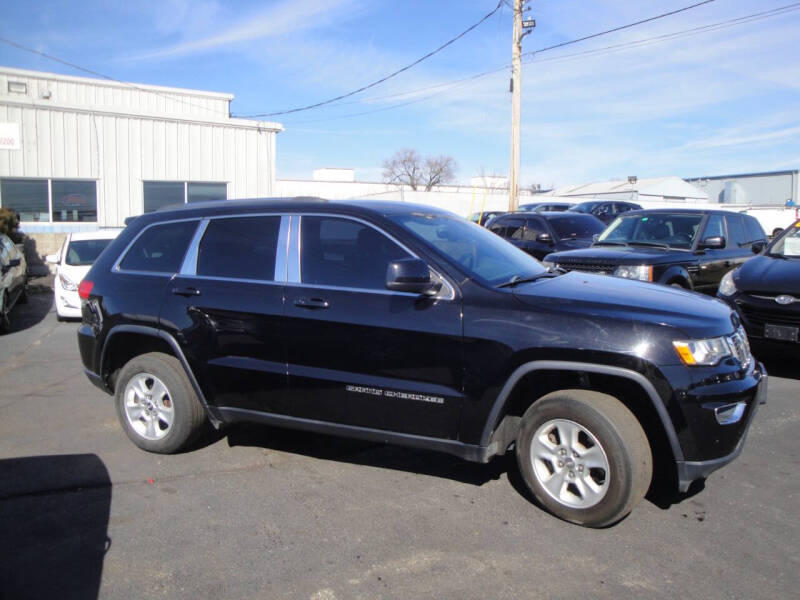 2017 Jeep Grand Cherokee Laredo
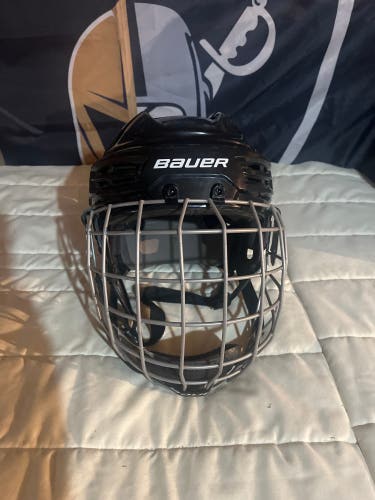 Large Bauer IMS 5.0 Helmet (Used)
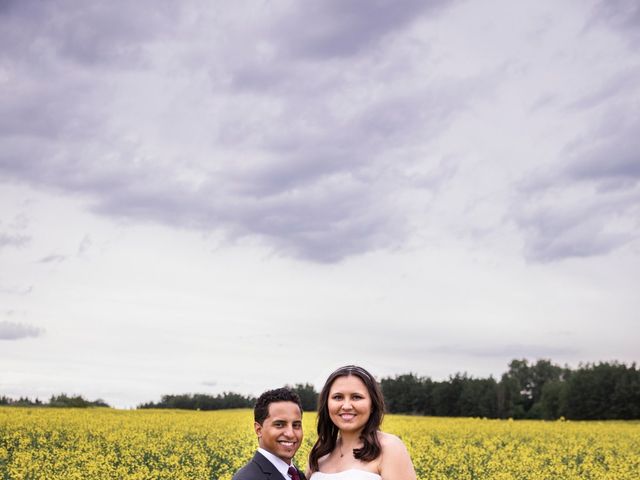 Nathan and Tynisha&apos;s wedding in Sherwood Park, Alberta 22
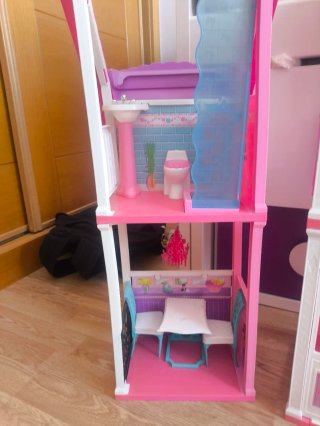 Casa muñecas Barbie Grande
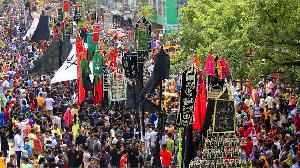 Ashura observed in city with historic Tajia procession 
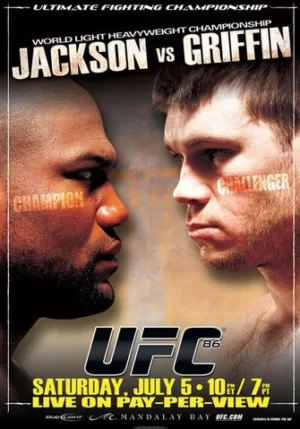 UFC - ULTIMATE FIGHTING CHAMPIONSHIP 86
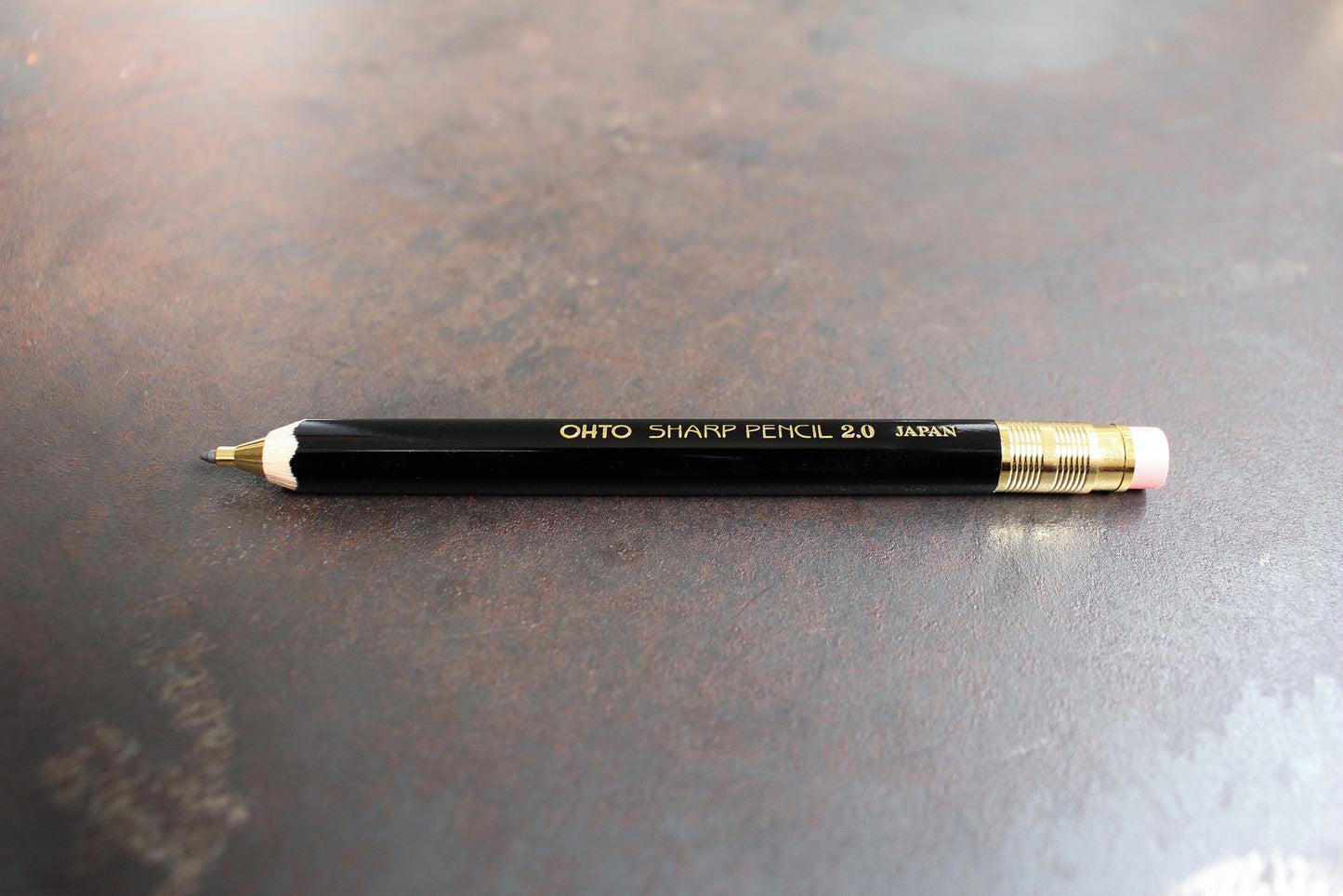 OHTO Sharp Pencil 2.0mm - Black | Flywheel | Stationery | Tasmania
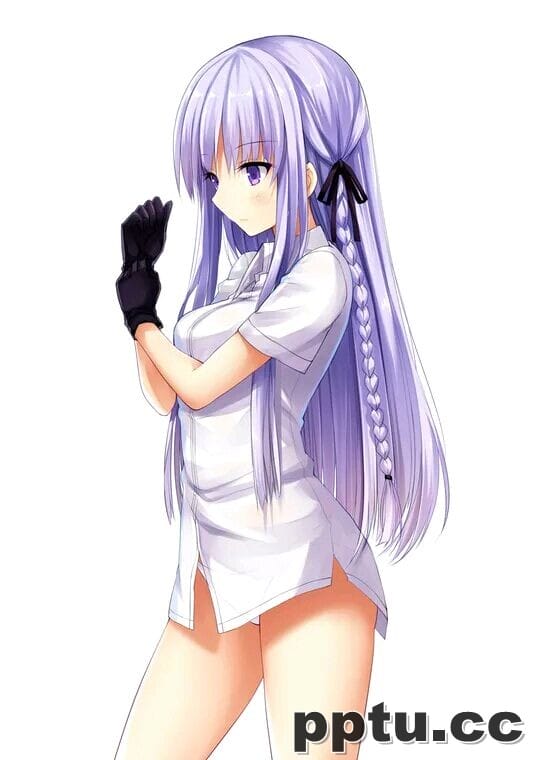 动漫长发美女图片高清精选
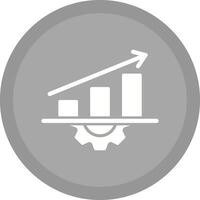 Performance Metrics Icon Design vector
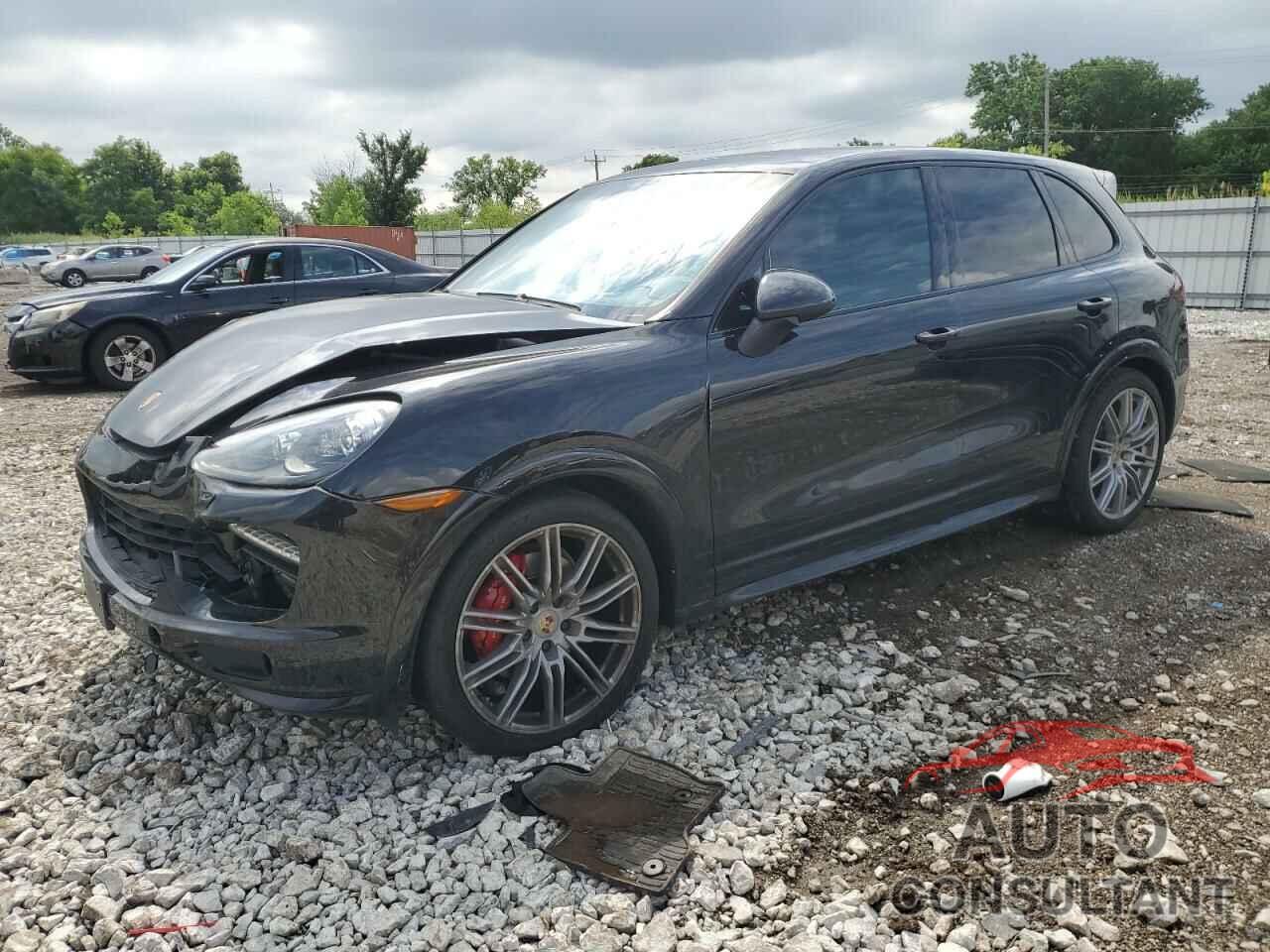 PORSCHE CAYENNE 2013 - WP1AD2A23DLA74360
☆ ☆ ☆
THE TASK – The reply must contain every entry above, exactly as written, and none of the pictures.

RESPONSE TO THIS TASK –
 2017 Jeep Grand Cherokee Laredo
 Large Bauer IMS 5.0 Helmet (Used)
 Nathan and Tynisha&apos;s wedding in Sherwood Park, Alberta 22
 Casa muñecas Barbie Grande
 Ashura observed in city with historic Tajia procession 
 UFC - ULTIMATE FIGHTING CHAMPIONSHIP 86
 OHTO Sharp Pencil 2.0mm - Black | Flywheel | Stationery | Tasmania
 动漫长发美女图片高清精选
 Performance Metrics Icon Design vector
 PORSCHE CAYENNE 2013 - WP1AD2A23DLA74360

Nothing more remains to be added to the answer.